- Brief
What you return should match the data word for word, minus the images.

- Information shown
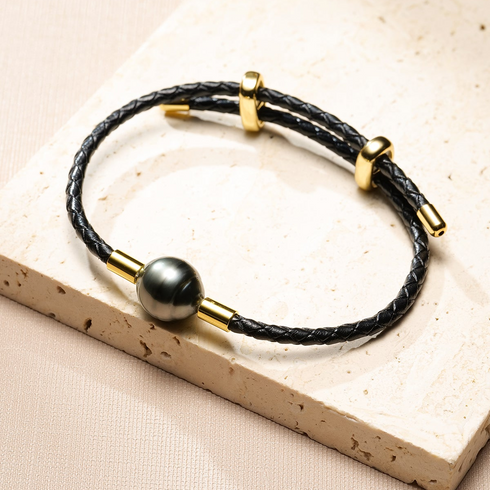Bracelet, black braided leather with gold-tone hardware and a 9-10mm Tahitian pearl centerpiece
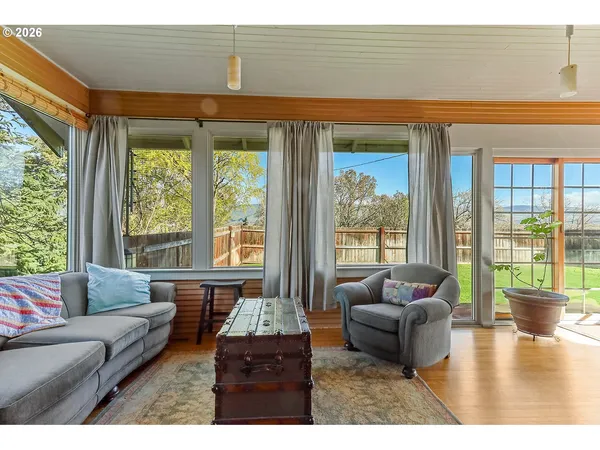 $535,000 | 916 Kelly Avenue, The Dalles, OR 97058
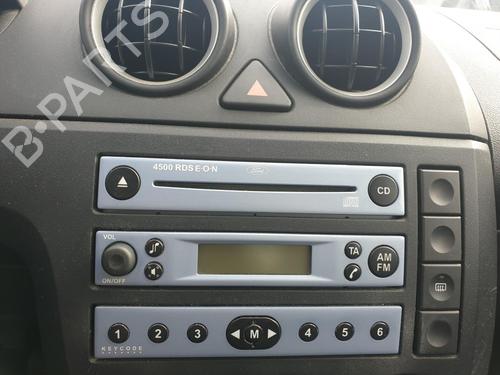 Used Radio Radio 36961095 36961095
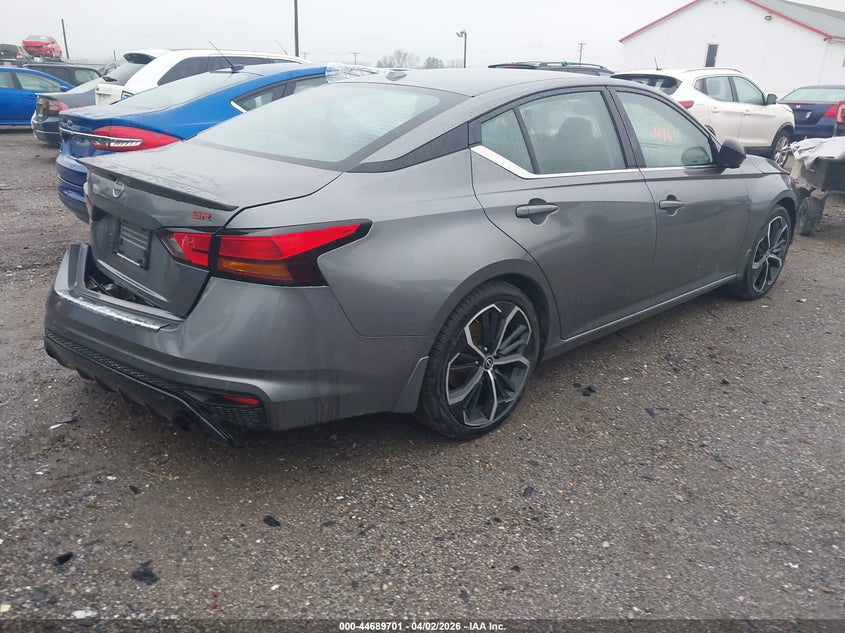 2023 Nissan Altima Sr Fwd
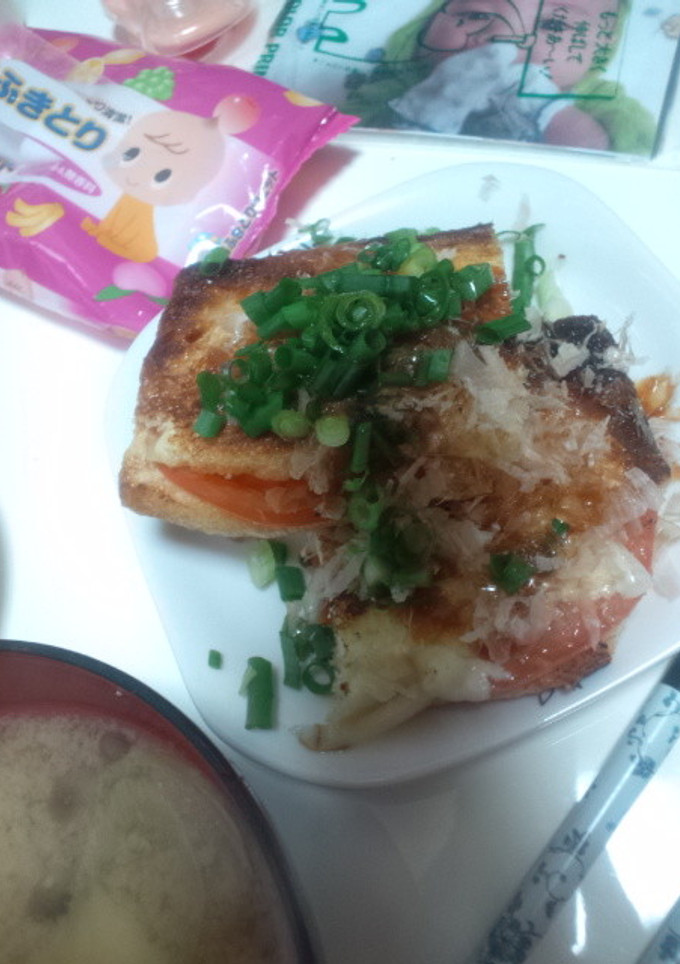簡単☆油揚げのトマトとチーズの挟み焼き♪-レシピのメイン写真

- Task response
Bracelet, black braided leather with gold-tone hardware and a 9-10mm Tahitian pearl centerpiece
 $535,000 | 916 Kelly Avenue, The Dalles, OR 97058
 Used Radio Radio 36961095 36961095
 2023 Nissan Altima Sr Fwd
簡単☆油揚げのトマトとチーズの挟み焼き♪-レシピのメイン写真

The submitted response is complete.